Only the lines from the one containing "BISLEY Besucherstuhl Classy" through the last line of the listing are to be given again, exactly as they appear.

↓

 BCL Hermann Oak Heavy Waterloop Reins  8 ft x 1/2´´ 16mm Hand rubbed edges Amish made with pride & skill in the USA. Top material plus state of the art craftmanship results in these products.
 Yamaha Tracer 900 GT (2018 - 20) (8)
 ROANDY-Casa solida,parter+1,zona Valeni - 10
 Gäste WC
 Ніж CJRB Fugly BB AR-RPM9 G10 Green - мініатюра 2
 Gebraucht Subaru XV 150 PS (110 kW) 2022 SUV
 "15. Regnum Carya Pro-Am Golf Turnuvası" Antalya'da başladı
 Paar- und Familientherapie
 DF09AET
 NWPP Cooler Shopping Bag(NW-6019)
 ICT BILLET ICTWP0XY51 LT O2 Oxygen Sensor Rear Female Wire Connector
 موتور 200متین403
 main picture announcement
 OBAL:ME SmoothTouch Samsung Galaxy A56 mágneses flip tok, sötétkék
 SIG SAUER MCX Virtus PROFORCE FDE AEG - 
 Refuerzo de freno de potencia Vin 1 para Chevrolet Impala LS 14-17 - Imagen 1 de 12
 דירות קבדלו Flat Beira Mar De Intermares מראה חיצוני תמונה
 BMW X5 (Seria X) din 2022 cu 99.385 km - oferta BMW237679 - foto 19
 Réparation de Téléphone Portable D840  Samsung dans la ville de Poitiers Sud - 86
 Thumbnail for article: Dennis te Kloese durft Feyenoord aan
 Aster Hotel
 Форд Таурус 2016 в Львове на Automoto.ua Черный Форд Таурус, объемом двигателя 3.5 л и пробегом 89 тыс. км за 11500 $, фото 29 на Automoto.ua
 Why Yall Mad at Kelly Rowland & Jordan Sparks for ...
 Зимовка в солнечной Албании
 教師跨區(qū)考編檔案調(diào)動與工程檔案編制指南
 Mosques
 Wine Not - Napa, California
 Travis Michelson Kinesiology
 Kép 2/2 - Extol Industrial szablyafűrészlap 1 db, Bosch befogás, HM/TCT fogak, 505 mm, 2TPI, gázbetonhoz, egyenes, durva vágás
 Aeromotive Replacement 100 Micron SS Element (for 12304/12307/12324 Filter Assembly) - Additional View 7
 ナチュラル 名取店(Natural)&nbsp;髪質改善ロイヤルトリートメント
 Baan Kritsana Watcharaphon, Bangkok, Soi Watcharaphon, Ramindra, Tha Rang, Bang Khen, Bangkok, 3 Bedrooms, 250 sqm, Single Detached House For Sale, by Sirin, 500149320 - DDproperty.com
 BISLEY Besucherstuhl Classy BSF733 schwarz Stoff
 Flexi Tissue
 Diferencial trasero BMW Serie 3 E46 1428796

↑

ANSWER BELOW ▸
 BISLEY Besucherstuhl Classy BSF733 schwarz Stoff
 Flexi Tissue
 Diferencial trasero BMW Serie 3 E46 1428796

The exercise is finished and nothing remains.